> _Exercise aim_
Transcribe exactly each line of the entries, from the opening line to the line with "Dukung Program Mina", with both of those lines included.

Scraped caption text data
==*==

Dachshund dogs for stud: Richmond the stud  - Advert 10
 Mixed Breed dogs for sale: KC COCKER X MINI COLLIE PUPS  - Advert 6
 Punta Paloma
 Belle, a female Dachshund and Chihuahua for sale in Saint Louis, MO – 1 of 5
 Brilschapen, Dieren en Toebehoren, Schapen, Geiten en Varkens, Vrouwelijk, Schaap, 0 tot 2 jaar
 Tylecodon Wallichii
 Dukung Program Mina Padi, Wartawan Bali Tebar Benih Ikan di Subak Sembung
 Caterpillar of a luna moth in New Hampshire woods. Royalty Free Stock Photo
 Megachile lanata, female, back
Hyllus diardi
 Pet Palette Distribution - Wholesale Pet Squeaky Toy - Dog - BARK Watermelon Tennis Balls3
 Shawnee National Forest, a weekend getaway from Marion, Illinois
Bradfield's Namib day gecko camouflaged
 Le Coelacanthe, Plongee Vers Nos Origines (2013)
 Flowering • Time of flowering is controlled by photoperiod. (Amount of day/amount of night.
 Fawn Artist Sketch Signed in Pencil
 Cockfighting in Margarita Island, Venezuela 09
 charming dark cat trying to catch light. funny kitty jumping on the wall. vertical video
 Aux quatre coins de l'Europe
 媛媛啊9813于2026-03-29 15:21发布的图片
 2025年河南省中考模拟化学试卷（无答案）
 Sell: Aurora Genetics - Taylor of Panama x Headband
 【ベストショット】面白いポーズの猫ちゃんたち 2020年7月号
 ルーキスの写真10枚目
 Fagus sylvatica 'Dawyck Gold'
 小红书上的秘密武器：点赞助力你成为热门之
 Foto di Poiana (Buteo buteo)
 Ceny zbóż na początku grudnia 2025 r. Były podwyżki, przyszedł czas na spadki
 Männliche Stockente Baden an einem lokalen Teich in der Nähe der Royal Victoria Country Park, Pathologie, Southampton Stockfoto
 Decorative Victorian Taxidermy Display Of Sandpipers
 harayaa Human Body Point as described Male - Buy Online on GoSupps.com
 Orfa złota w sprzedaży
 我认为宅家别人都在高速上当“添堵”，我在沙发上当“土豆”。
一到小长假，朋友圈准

==*==

> _Task answer_
Dachshund dogs for stud: Richmond the stud  - Advert 10
 Mixed Breed dogs for sale: KC COCKER X MINI COLLIE PUPS  - Advert 6
 Punta Paloma
 Belle, a female Dachshund and Chihuahua for sale in Saint Louis, MO – 1 of 5
 Brilschapen, Dieren en Toebehoren, Schapen, Geiten en Varkens, Vrouwelijk, Schaap, 0 tot 2 jaar
 Tylecodon Wallichii
 Dukung Program Mina Padi, Wartawan Bali Tebar Benih Ikan di Subak Sembung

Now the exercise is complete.